Was hätte Tucholsky dazu gesagt?

Manchmal wünscht man sich in die Vergangenheit zurück und hätte gern die Altvorderen zu aktuellen Auseinandersetzungen gehört oder gelesen. Wie von Kurt Tucholsky in den Geschichten von Herrn Wendriner oder von Alfred Kerr im Streit mit Karl Kraus in Pan und Fackel. Beide hatten einen scharfen Blick auf das Zeitgeschehen und führten eine spitze Feder.

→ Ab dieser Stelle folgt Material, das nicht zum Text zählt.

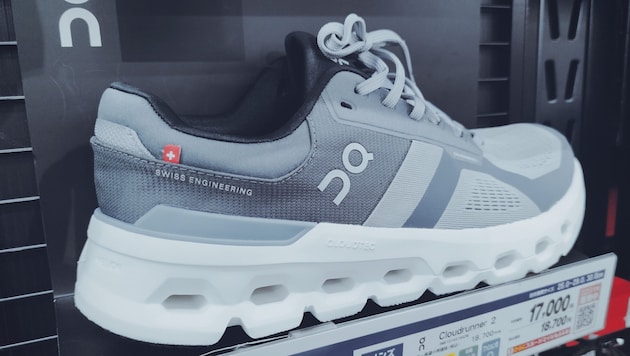 Das Schweizer Kreuz und die Aufschrift „Swiss Engineering“ werden in Asien auf die Schuhe genäht ...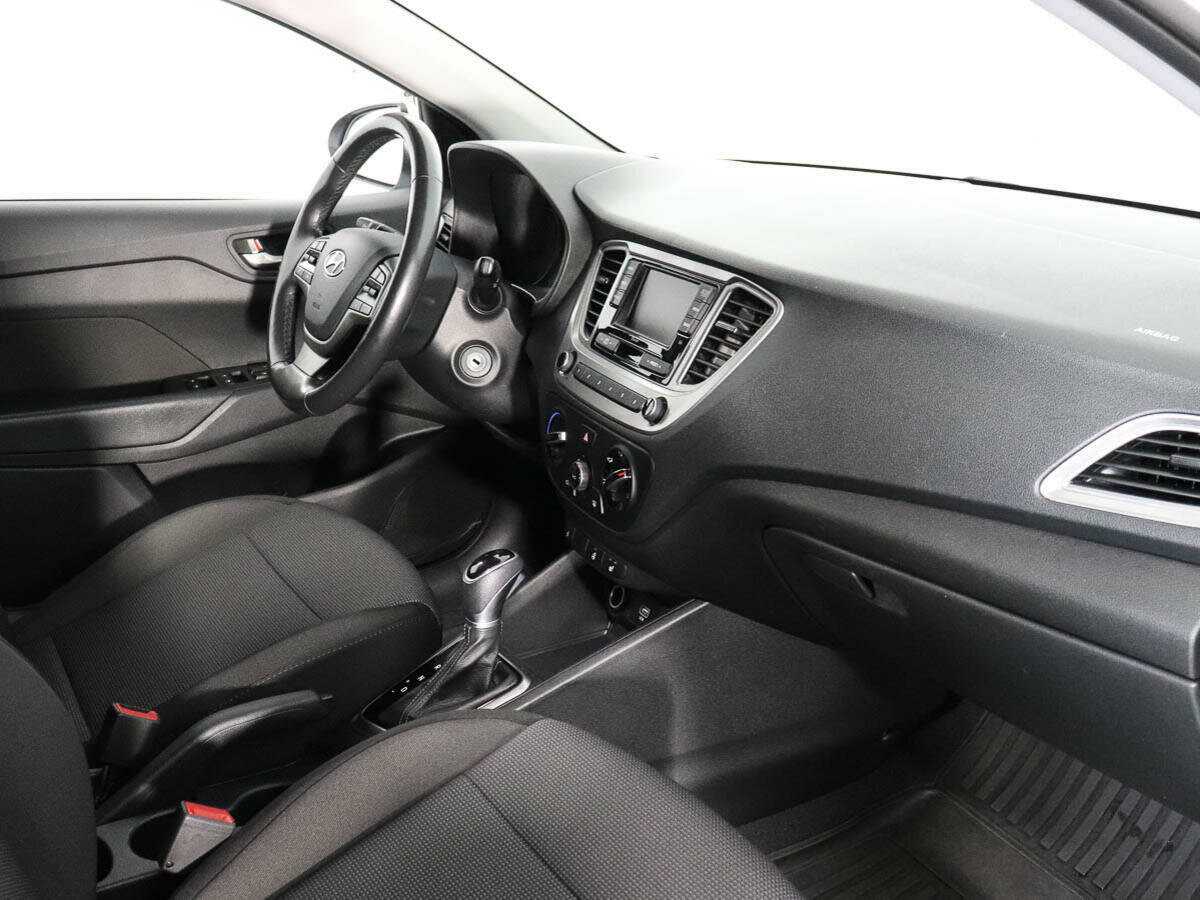 Купить Hyundai Solaris с пробегом. Фото: #8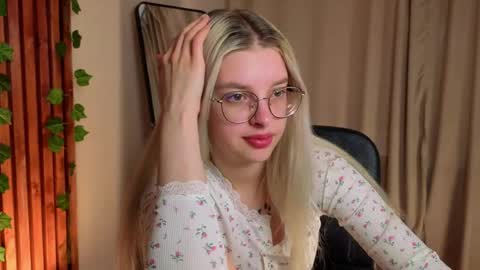 tiffanypeach online show from April 14, 10:43 am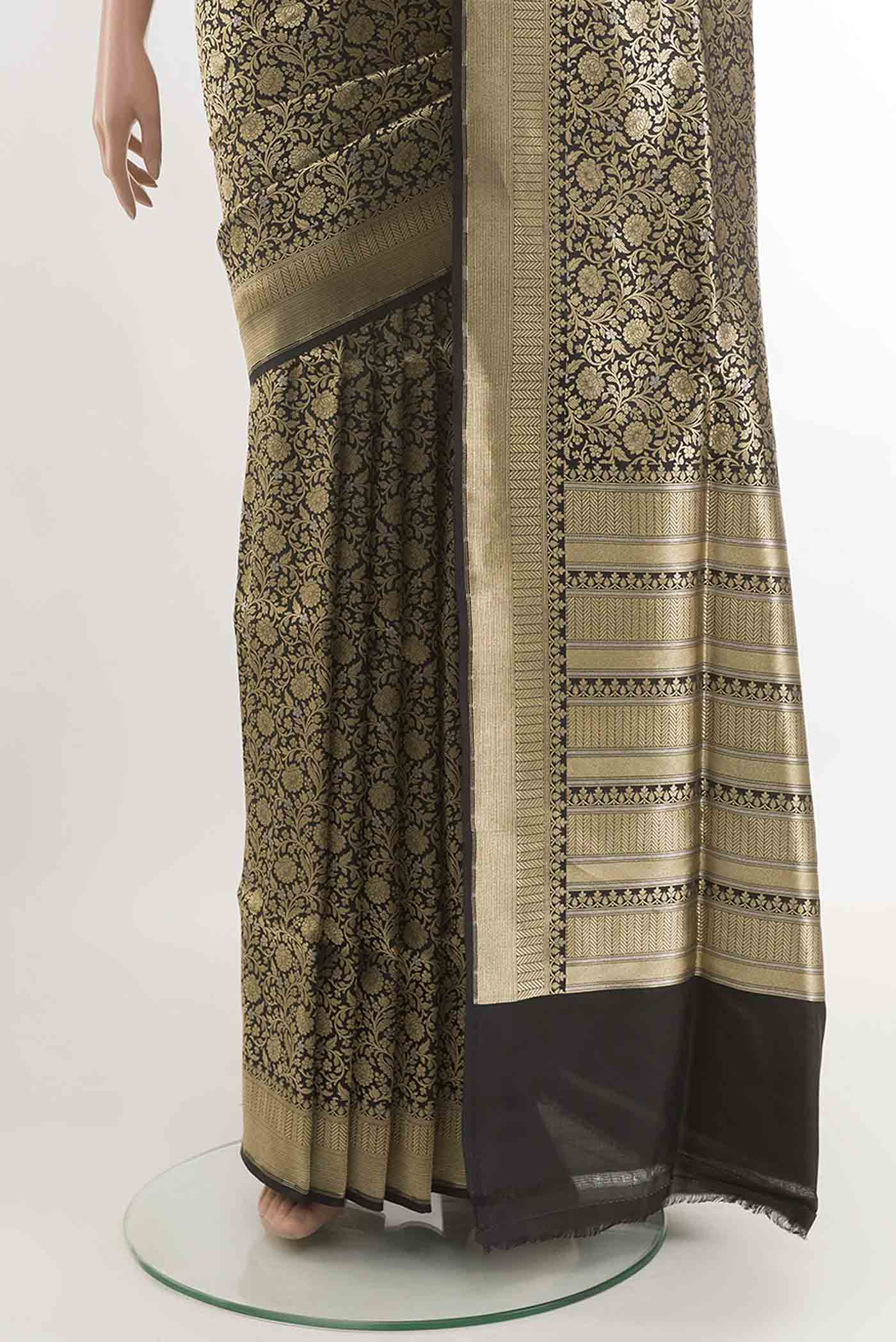 pleats pallu
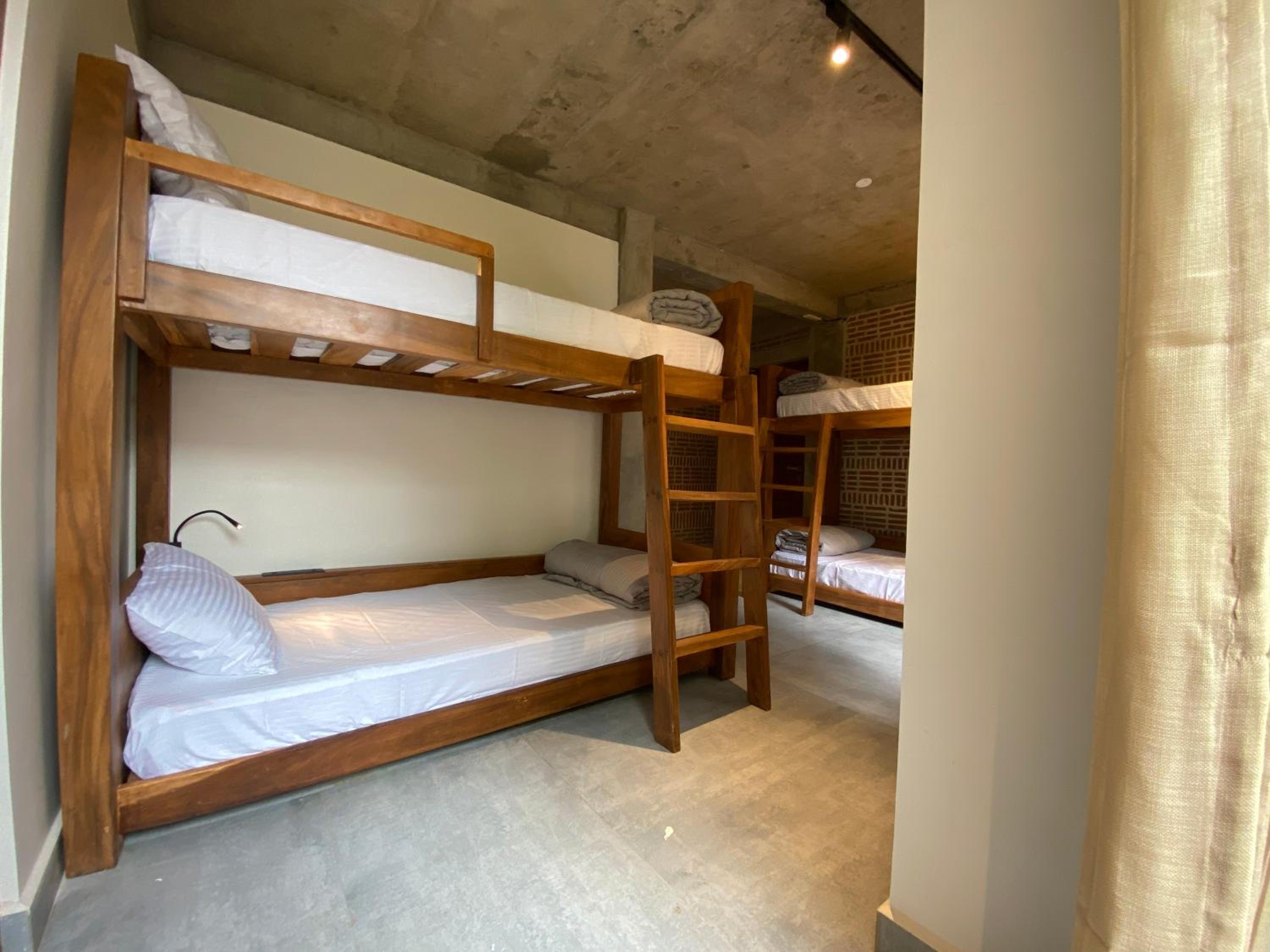 Bed in 4-Bed Mixed Dormitory Room photo 2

Da geht Gerrit Bartels im Tagesspiegel mit den Beteiligten im von Maxim Biller angezettelten Konflikt mit Max Czollek noch recht moderat um. In seinem Artikel beschreibt er präzise wie Biller halachisches Gesetz und politische Überzeugung gegenüber Czollek vermengt und instrumentalisiert. Dabei bleibt unklar, ob es Biller tatsächlich um eine sachliche Auseinandersetzung oder um die eigene Selbstdarstellung geht . Bartels schildert aber auch, wie in anderen Medien sich berufen Fühlende zu Worte melden. Sie scheuen sich nicht, Czollek in Sippenhaft für das Verhalten seiner Verwandten zu nehmen und ihn in die Nähe von Antisemitismus zu rücken. Etwas, was im öffentlichen Diskurs immer häufiger zu beobachten ist. Im Gegensatz dazu kann Bartels aber auch auf die deutliche Unterstützung hinweisen, die Czollek von mehreren hundert Intellektuellen und Kulturschaffenden in einem Offenen Brief in der FAZ erfährt.

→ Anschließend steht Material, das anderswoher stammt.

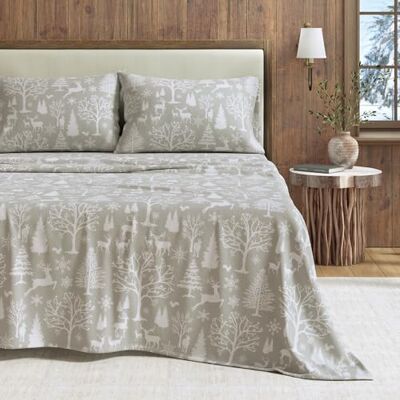 Great Bay Home Parure de lit 4 pièces en flanelle pour très grand lit californien, 100% coton turc, double brossé, imprimé, ultra doux et confortable (bois enchantés – gris) Great Bay Home Parure de lit 4 pièces en flanelle pour très grand lit californien, 100% coton turc, double brossé, imprimé, ultra doux et confortable (bois enchantés – gris)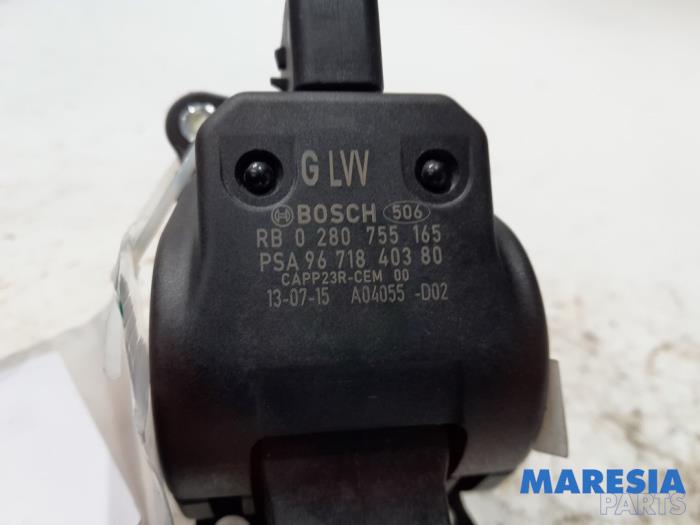 Gaspedaalpositie Sensor van een Citroën DS4 (NX) 1.6 16V VTi 120 2013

Glücklicherweise sind hier noch gesellschaftliche Checks and Balances sichtbar und wirksam.

Wenn man dann den Artikel von Erica Zingher in der TAZ vom 15.09.2021 liest, der sich mit der Einwanderung er sog. Kontingentflüchtlinge beschäftigt, bekommt man den Eindruck, dass hier die falsche Diskussion geführt wird.
Auch das hätte Tucholsky unumwunden klar benannt. Er fehlt uns eben.